At one point in the conversation that follows (in response to a request from me) he proceeds to put on, over this ensemble, one of the colourful but otherwise inanimate jackets he’s bought forth, and had lain over an armchair. And of course he chooses the one that best co-ordinates with the outfit he’s wearing today. The jacket he models is pale blue, with pin-stripes of white, and he rushes out of the room to find a matching silken handkerchief for his breast pocket; thereby displaying his impressive sensitivity to (even impromptu/demanded) smartness.
“I’ve often been called dapper,” he’d tells me at the start of our conversing about clothes. “Because I like always to match my handkerchief and tie…When I wear that jacket [he points to the one before us that has a matching waistcoat beneath] I always wear it with a pocket watch on a chain.”
The other 5 colours that will seem to me afterwards to sum him up best are the colours of the other jackets that remain lying prone before us. After again referring to colour charts for accuracy I decide they are arguably best described as: Tea green; pale Ochre/Bronze brown; Burgundy red (with a Navy blue lining); Navy blue (with a Gold satin lining); Olive (almost khaki). There’s also one made from a tweed weave (the one with the waistcoat) and, I point out, that it coincidentally has very fine stripes of each of the other colours woven through it. Surely such choices (such colours) are woven through his life. When he hands me a book of his poetry called ‘Not all the Pieces fit’ I see the front cover design (by Sophie Clausen) is of the shape of a man in profile with his face overlain by jigsaw pieces. And the colours of those pieces are, of course: Gentian blue; Burgundy red; Bronze; Tea Green; Gold (the only one that’s missing is Navy).

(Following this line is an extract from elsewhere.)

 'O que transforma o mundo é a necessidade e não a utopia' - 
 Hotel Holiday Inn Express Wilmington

A framed close up colour photo of a slightly younger Morgan, is placed on the coffee table between us. It shows him in a very warm looking room, in a jacket and tie in shades of golden brown and yellow/gold. I ask if he relates to the jackets before us with specific memories of events attached. His only concern however, seems to be that when he wore and/or wears each of them they're suitably choreographed; his look should be always complete/replete and, well, dapper!

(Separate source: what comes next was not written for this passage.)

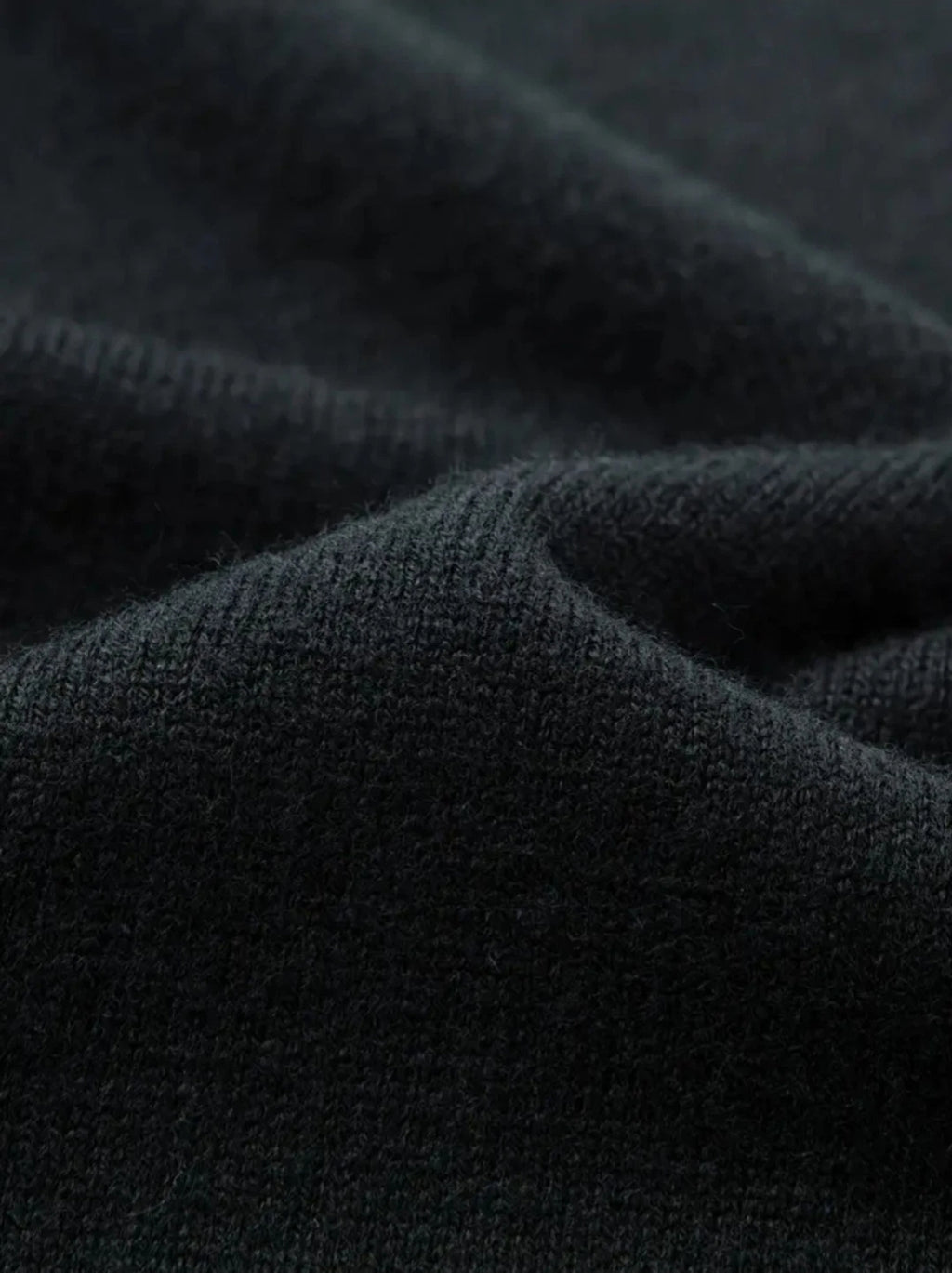 Herren Wollpullover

I suggest it’s his creative nature that makes him as bold as he is with colour (and indeed fabric/texture, one of the jackets is as soft as suede, another is made of a brushed wool and several have silken/satin linings). Morgan is a writer, a poet more specifically, mostly (at least since his retirement). He’s interested in honing feeling through honed/polished language, it makes sense then that his dress sense is similarly polished. After she died Morgan established the Petra Kenney poetry competition in memory of his wife who had also been a: “very accomplished writer”, though more in respect of short-stories. The award ran for 14 years. Morgan tells me how he’d managed to set it up by appealing to and (getting on board) a couple of well known people, via his contact and friend Sir Alan Ayckbourn. That had been enough to give the event gravitas and from there it took off. “We presented the awards at Canada house in the end,” he tells me with apparent reverence. “Can you imagine it! It’s very beautiful inside.” Morgan’s whole attitude is in fact of genuine humble disbelief at his own achievements, a sort of ‘imagine, me, there, doing that’ attitude. He puts much of his success in life down to being “lucky” and when I tell him of my uncles’ response to being thus accused (“Yes I am lucky and the harder I work the luckier I get”) he acknowledges that hard work has indeed been a factor, but he seems more inclined to credit those who’ve been good enough to help and support him, along the way.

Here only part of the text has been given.